## LISTED ENTRIES
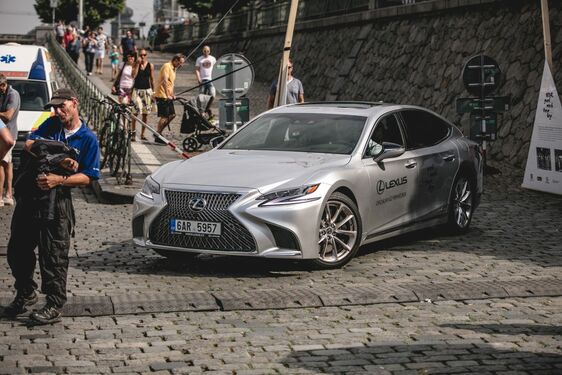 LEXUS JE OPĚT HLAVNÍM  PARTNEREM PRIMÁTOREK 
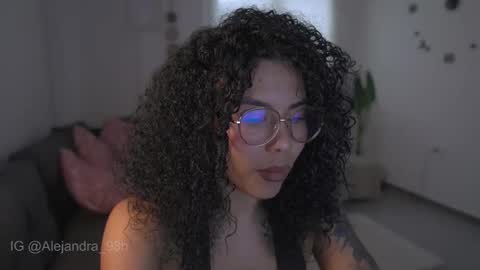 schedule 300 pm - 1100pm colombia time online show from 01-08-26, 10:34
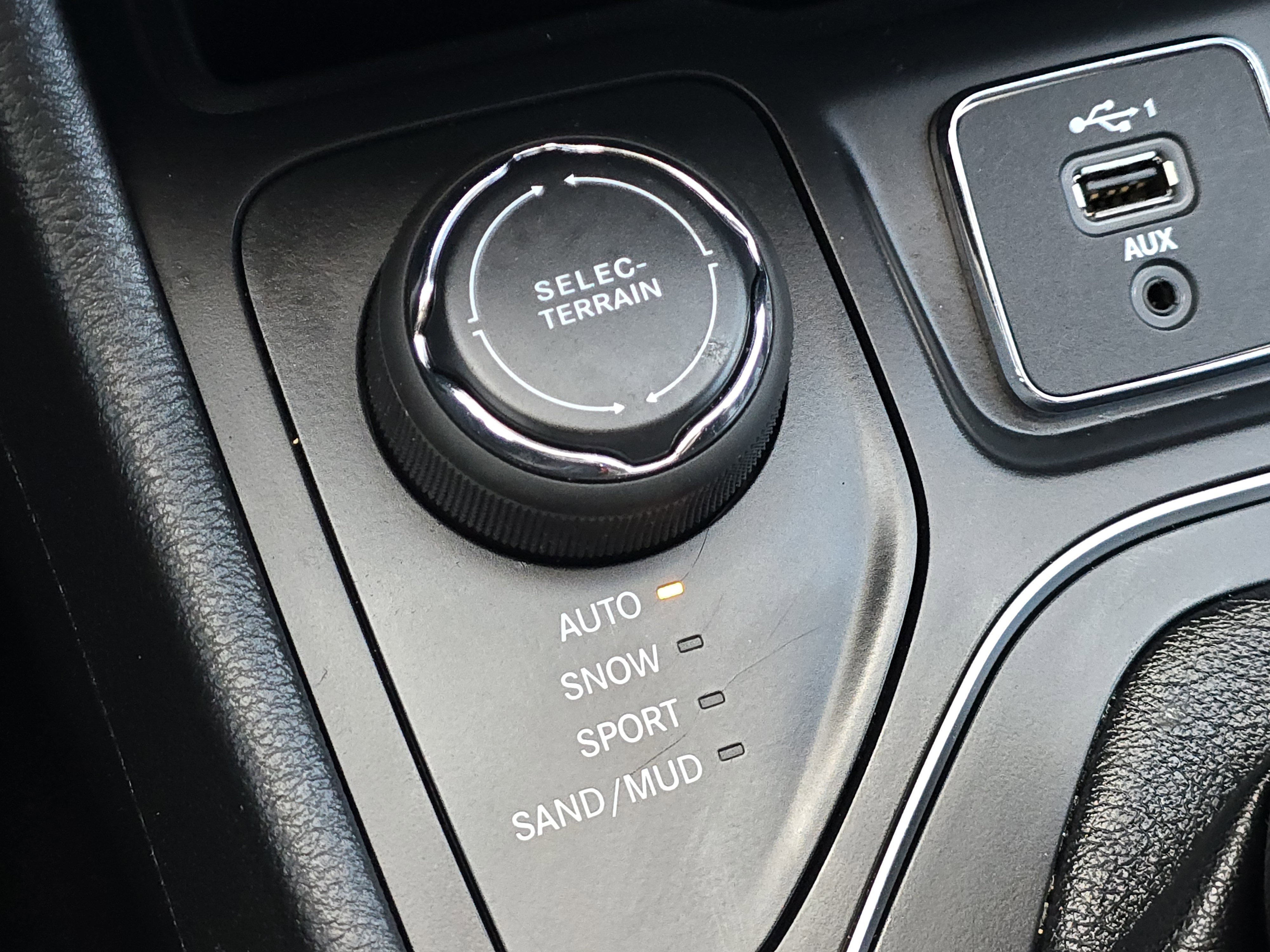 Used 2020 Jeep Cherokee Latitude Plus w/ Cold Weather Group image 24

--

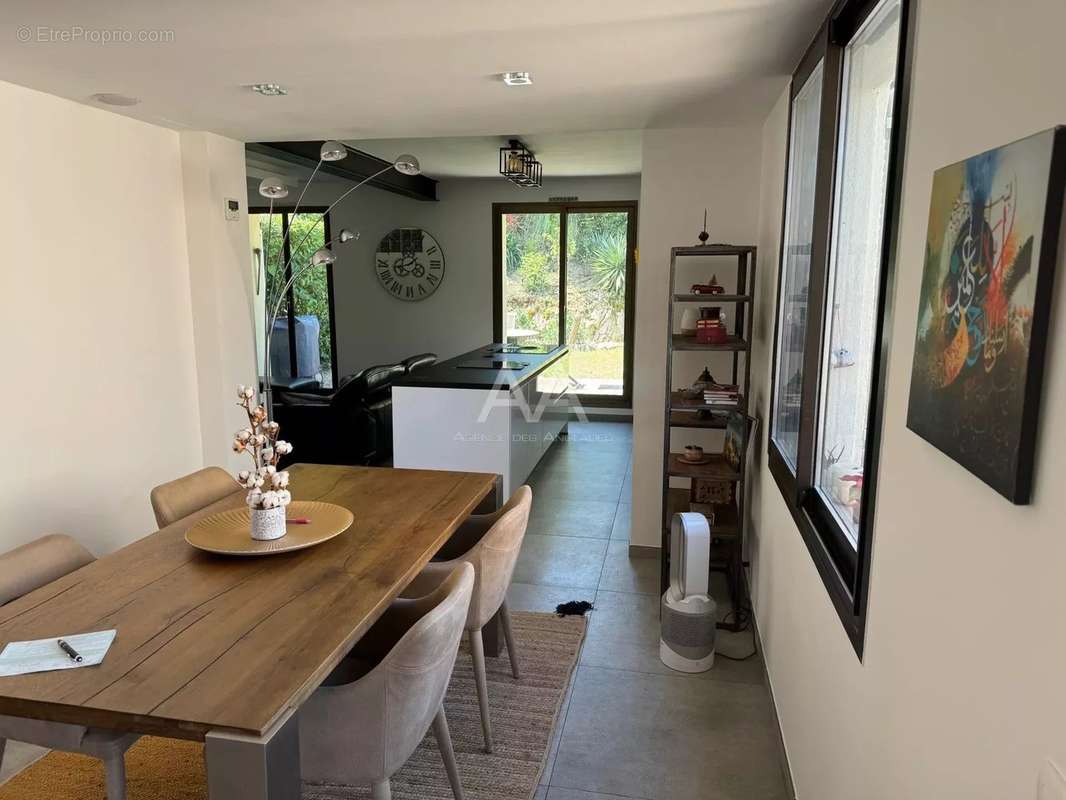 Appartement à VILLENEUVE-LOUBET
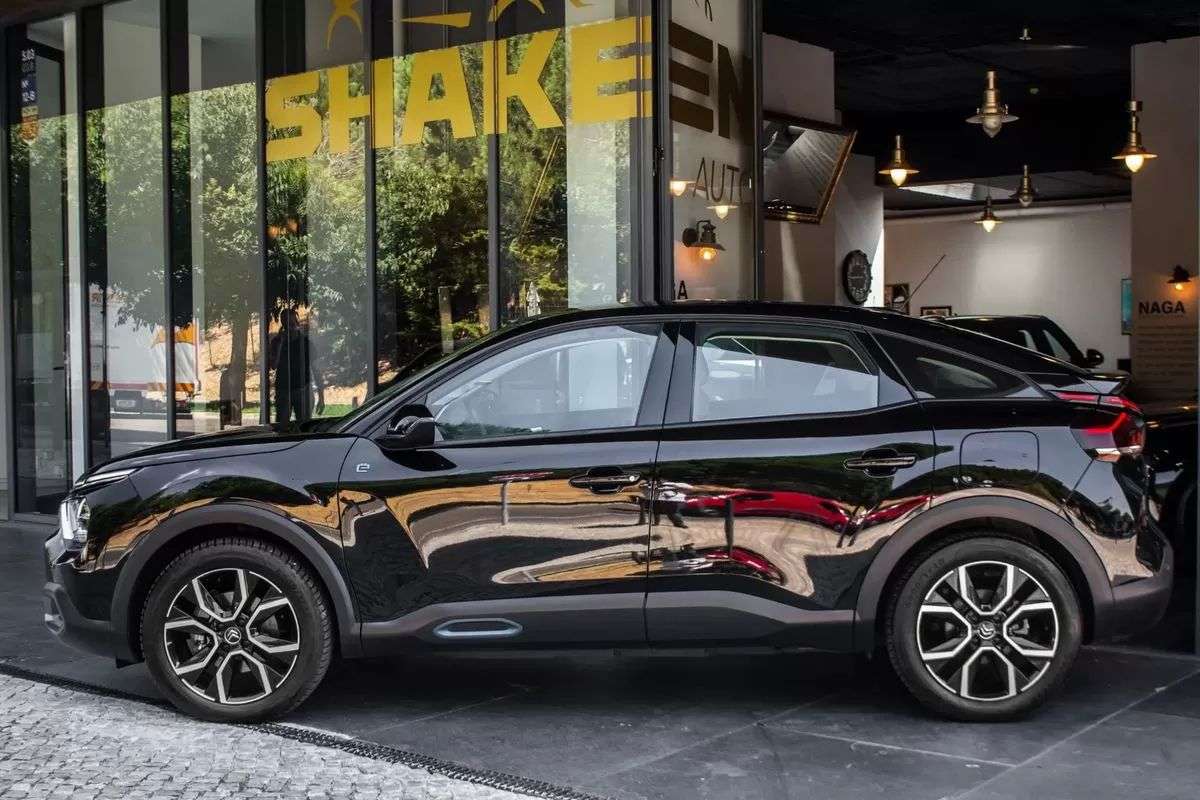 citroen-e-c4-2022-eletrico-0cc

## ACTION ITEM
Start with the line above containing "schedule 300 pm" and end with the line containing "Used 2020 Jeep". Set down that stretch exactly, without any pictures.

## WRITTEN REPLY
 schedule 300 pm - 1100pm colombia time online show from 01-08-26, 10:34
 Used 2020 Jeep Cherokee Latitude Plus w/ Cold Weather Group image 24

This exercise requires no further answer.